▶ _TASK TO COMPLETE_:
Your job with the data below is to output exactly the lines from the one holding "The goal is" down to the one holding "To access the", both included, and no others.
[SUPPLIED DATA]
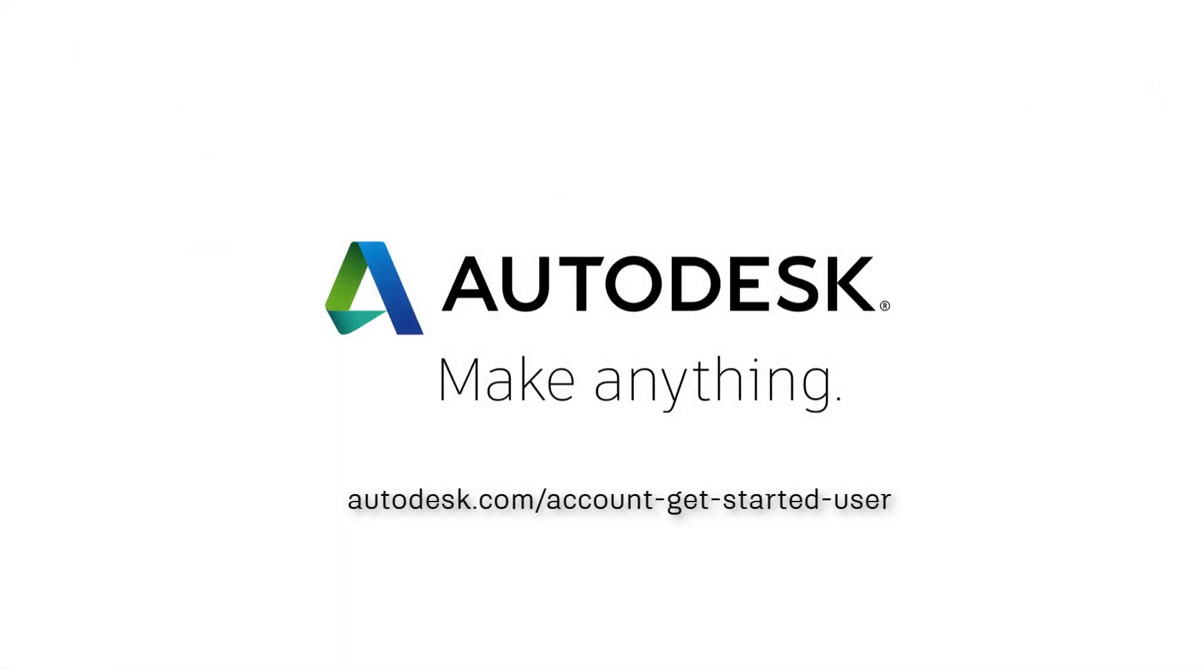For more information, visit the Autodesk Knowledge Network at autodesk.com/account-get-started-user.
[/SUPPLIED DATA]
[SUPPLIED DATA]
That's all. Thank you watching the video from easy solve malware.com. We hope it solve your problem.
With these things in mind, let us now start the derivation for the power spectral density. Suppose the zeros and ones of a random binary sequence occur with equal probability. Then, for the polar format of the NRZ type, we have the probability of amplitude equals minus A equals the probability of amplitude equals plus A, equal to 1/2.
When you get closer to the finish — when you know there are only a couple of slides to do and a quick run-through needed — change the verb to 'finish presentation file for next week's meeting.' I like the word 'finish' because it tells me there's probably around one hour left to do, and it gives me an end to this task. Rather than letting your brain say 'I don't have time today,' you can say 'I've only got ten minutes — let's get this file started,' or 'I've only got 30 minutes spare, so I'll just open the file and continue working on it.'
[/SUPPLIED DATA]
[SUPPLIED DATA]
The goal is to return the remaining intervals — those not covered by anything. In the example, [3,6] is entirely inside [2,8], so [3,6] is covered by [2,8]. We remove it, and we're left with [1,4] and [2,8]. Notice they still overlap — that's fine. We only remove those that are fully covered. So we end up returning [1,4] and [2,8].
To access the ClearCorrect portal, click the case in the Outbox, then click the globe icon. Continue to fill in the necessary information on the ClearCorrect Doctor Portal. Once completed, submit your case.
[/SUPPLIED DATA]
▶ _ANSWER TO THE EXERCISE_:
The goal is to return the remaining intervals — those not covered by anything. In the example, [3,6] is entirely inside [2,8], so [3,6] is covered by [2,8]. We remove it, and we're left with [1,4] and [2,8]. Notice they still overlap — that's fine. We only remove those that are fully covered. So we end up returning [1,4] and [2,8].
To access the ClearCorrect portal, click the case in the Outbox, then click the globe icon. Continue to fill in the necessary information on the ClearCorrect Doctor Portal. Once completed, submit your case.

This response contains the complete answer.